> _Data extracts_:
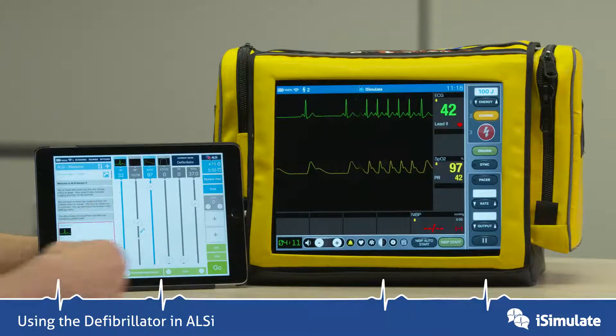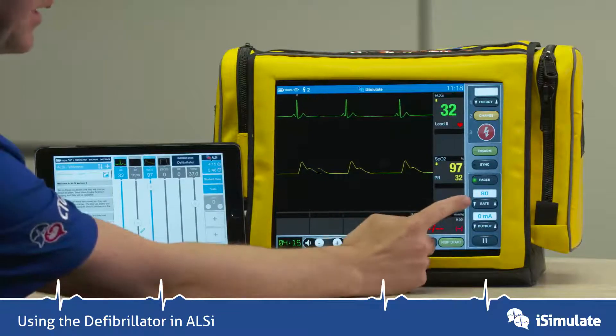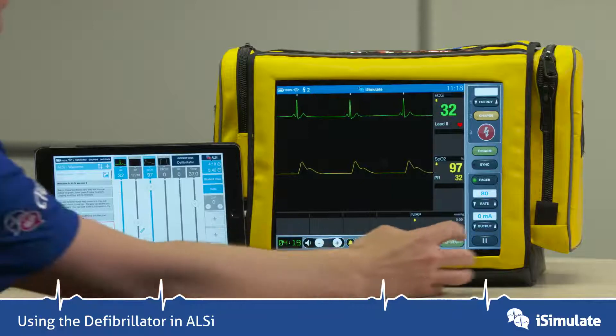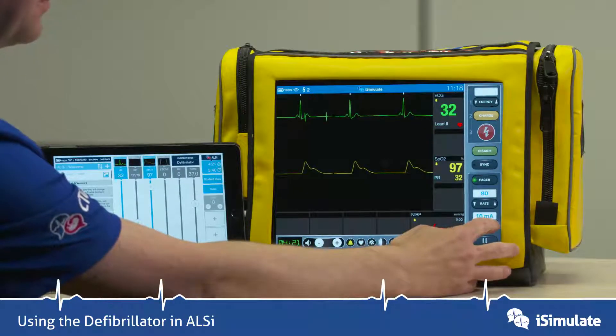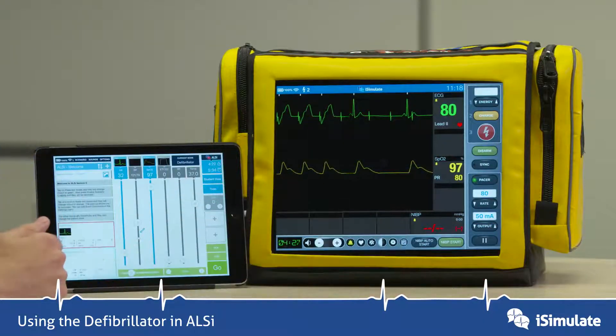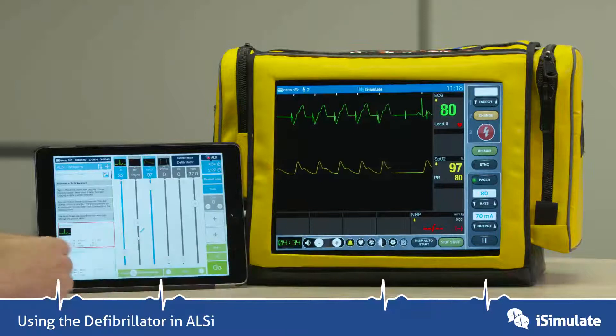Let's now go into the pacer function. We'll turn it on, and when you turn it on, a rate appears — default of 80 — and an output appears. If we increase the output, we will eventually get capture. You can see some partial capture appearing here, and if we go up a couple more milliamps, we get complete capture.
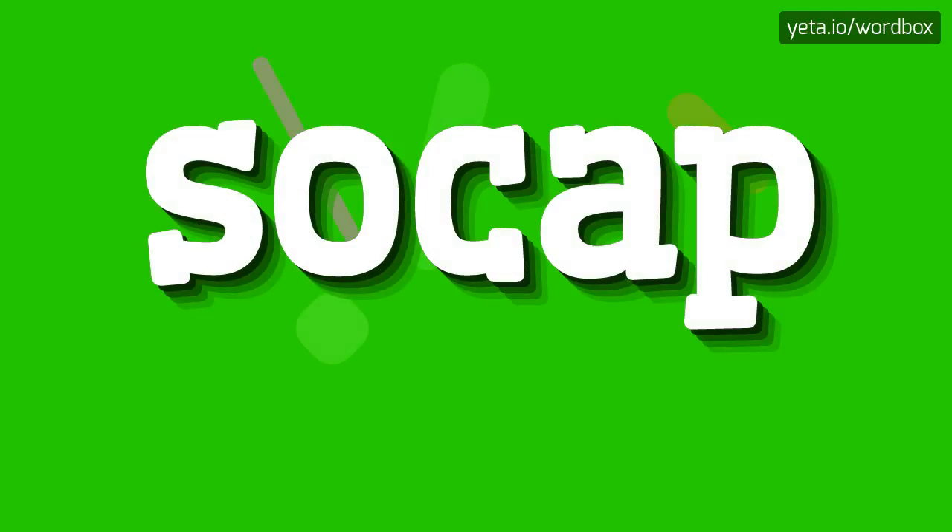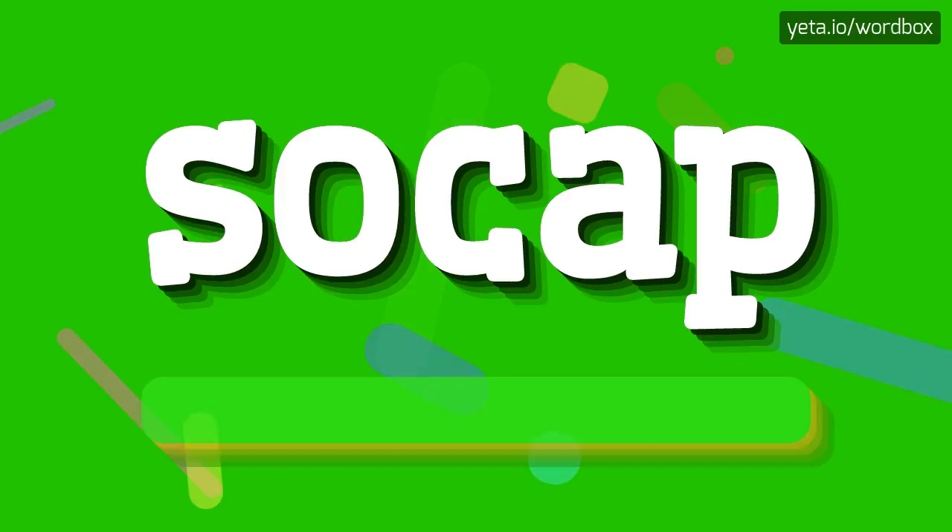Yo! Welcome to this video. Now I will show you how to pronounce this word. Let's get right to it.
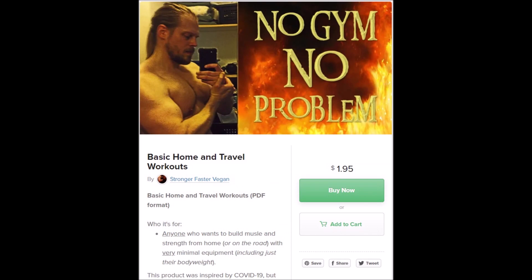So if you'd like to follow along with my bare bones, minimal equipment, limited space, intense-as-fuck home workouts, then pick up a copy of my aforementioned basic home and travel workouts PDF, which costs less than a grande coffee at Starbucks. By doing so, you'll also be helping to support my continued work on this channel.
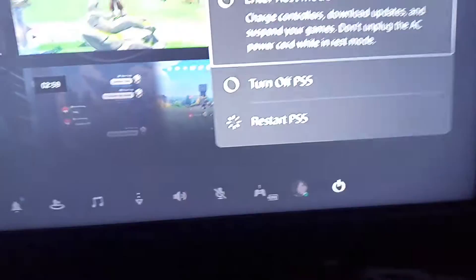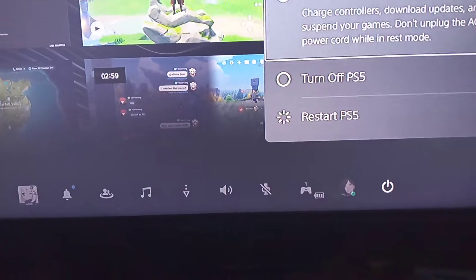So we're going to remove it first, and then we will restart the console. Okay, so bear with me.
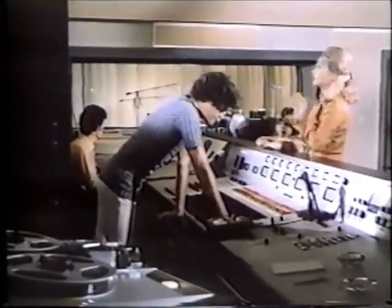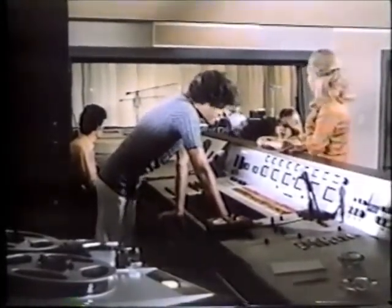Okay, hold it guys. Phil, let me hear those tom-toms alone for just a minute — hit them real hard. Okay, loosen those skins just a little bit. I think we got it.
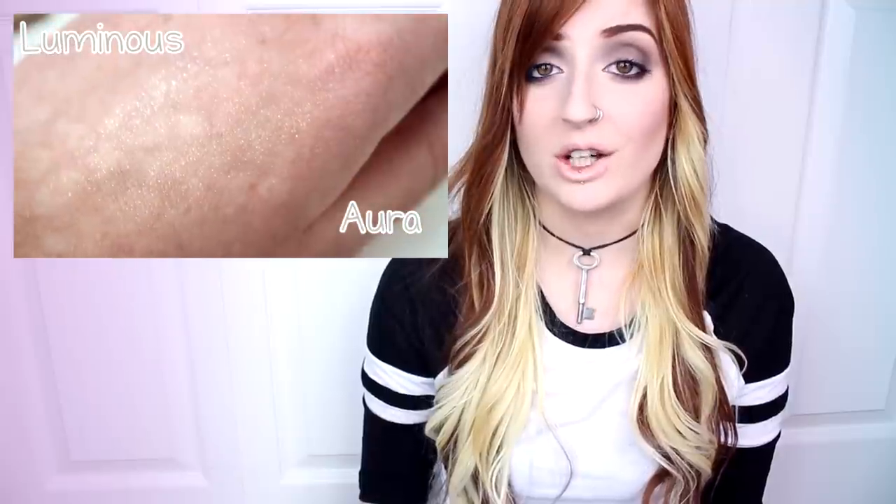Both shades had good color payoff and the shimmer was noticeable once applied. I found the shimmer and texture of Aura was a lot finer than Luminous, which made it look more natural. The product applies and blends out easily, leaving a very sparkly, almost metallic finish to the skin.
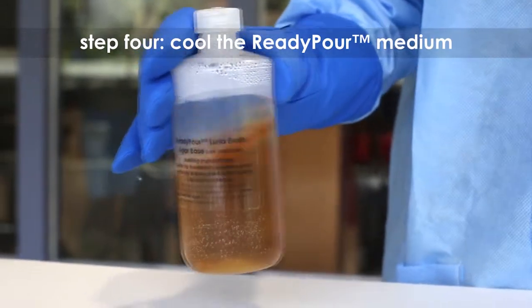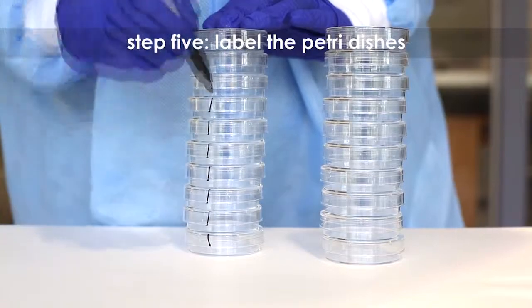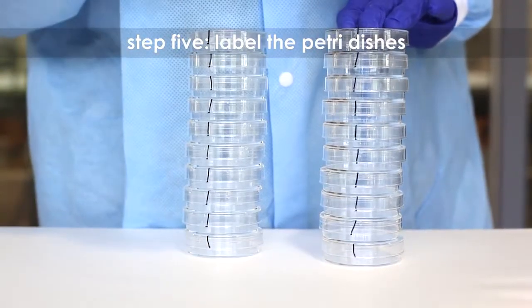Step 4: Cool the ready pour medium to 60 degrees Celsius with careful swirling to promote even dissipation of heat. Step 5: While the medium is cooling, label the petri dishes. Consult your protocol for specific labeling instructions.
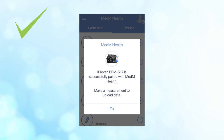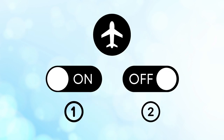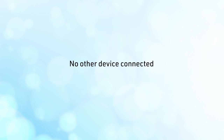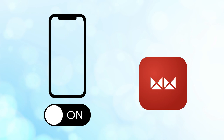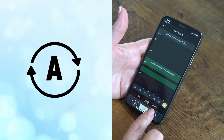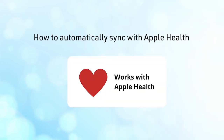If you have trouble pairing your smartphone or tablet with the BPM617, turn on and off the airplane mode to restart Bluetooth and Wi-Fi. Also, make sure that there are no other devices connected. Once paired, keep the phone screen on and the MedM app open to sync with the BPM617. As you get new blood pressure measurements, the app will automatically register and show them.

> _Task directions_: Take the records above and transcribe them exactly, dropping every picture.

> _Solution to the exercise_:
Let's now go into the pacer function. We'll turn it on, and when you turn it on, a rate appears — default of 80 — and an output appears. If we increase the output, we will eventually get capture. You can see some partial capture appearing here, and if we go up a couple more milliamps, we get complete capture.
Yo! Welcome to this video. Now I will show you how to pronounce this word. Let's get right to it.
So if you'd like to follow along with my bare bones, minimal equipment, limited space, intense-as-fuck home workouts, then pick up a copy of my aforementioned basic home and travel workouts PDF, which costs less than a grande coffee at Starbucks. By doing so, you'll also be helping to support my continued work on this channel.
So we're going to remove it first, and then we will restart the console. Okay, so bear with me.
Okay, hold it guys. Phil, let me hear those tom-toms alone for just a minute — hit them real hard. Okay, loosen those skins just a little bit. I think we got it.
Both shades had good color payoff and the shimmer was noticeable once applied. I found the shimmer and texture of Aura was a lot finer than Luminous, which made it look more natural. The product applies and blends out easily, leaving a very sparkly, almost metallic finish to the skin.
Step 4: Cool the ready pour medium to 60 degrees Celsius with careful swirling to promote even dissipation of heat. Step 5: While the medium is cooling, label the petri dishes. Consult your protocol for specific labeling instructions.
If you have trouble pairing your smartphone or tablet with the BPM617, turn on and off the airplane mode to restart Bluetooth and Wi-Fi. Also, make sure that there are no other devices connected. Once paired, keep the phone screen on and the MedM app open to sync with the BPM617. As you get new blood pressure measurements, the app will automatically register and show them.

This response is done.